Then I get the next step. Suppose it does act— “If we confess our sins, he is faithful and just to forgive us our sins and to cleanse us from all unrighteousness.”
It is not “if we confess our sin” —|iI| have nothing to do with confessing sin. People will confess their sin, not their sins; for the heart is deceitful enough to excuse the sins by admitting sin in the flesh. I admit the flesh is there; but why did not you keep it down in the power of Christ so as not to let it act? Therefore it is we have to confess our sins: and mark, we have to walk with that. When he speaks of sin (ver. 8), it is the present tense; I never can say I have no sin: but when of sins it is, “if we say that we have not sinned.” (ver. 10). I ought not to be sinning; I may be thinking of the blessedness of Christ. If so, I am not sinning; my mind may be occupied with Him. But if I say that I have not sinned, I make God a liar, because He declares all have sinned and come short of the glory of God: Here I get the distinction.
It is surprising that people do not see the difference between sin and sins. Peter speaks of sinning: that is the lust that comes when the flesh is active; but when I come to Paul and John, they speak of the nature of the flesh, of sin in the flesh. “If we say that we have no sin, we deceive ourselves, and the truth is not in us: if we confess our sins he is faithful and just to forgive us our sins and to cleanse us from all unrighteousness.”
Observe in the Epistle to the Hebrews, it is not communion exactly which is the main object of the teaching there. Here it is, and therefore I get the Father and the Son, the highest expression of it. In Heb. 1 enter into the holiest. It is a question of whether I can approach God who is holy and righteous, and does not give up His holiness and righteousness because He is love; and there I get this, that I am perfected forever (the words “forever” meaning not merely for eternity, but what is uninterrupted). As Christ is always at the right hand of God, so we are uninterruptedly before God. There is never a moment that the believer is not the righteousness of God standing in Christ. Therefore priesthood in the Epistle to the Hebrews does not apply to sins. What it does apply to is this: I am perfected forever and He who is my righteousness, by whom I am perfected forever, has sat down at the right hand of God. But I am here Walking in this world, where I cannot take a step without mercy and grace to help. I have difficulties and trials; I go to the throne of God and get help in time of need. The thing in Hebrews is whether I can go as a mere sinner into God's presence. Yes, the veil is rent, and the person that put away my sins is sitting there.
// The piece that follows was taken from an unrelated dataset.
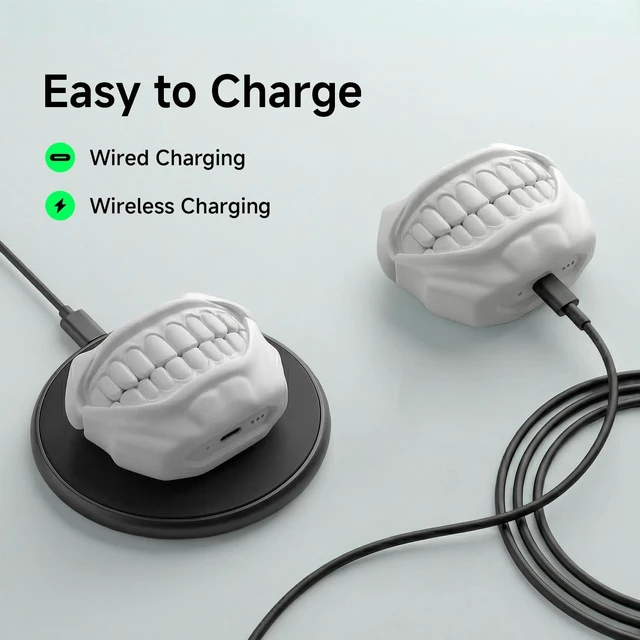 Alt view image 3 of 7 - Silicone Case for AirPods 5 and AirPods 4, Cool Teeth Design, White Compatible with AirPods 5 (2026) & 4 (2024), Cute Case Cover, MagSafe Charging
He is my witness that I am perfect” for by one offering he hath perfected forever them that are sanctified” —a perfection that never changes, for He is sitting there for me, “expecting till his enemies be made his footstool.” He is sitting there because He has nothing more to do. There are these two points in the epistle: having by Himself purged our sins, He sat down; and being perfected forever, I am walking on this earth with temptation, but He is always getting grace to help me through this world of difficulty and contradiction of sinners. There is a daily dependence on grace to help me to walk a holy life, without a question of my being perfect before God, and the constant supply of grace through Christ who is there.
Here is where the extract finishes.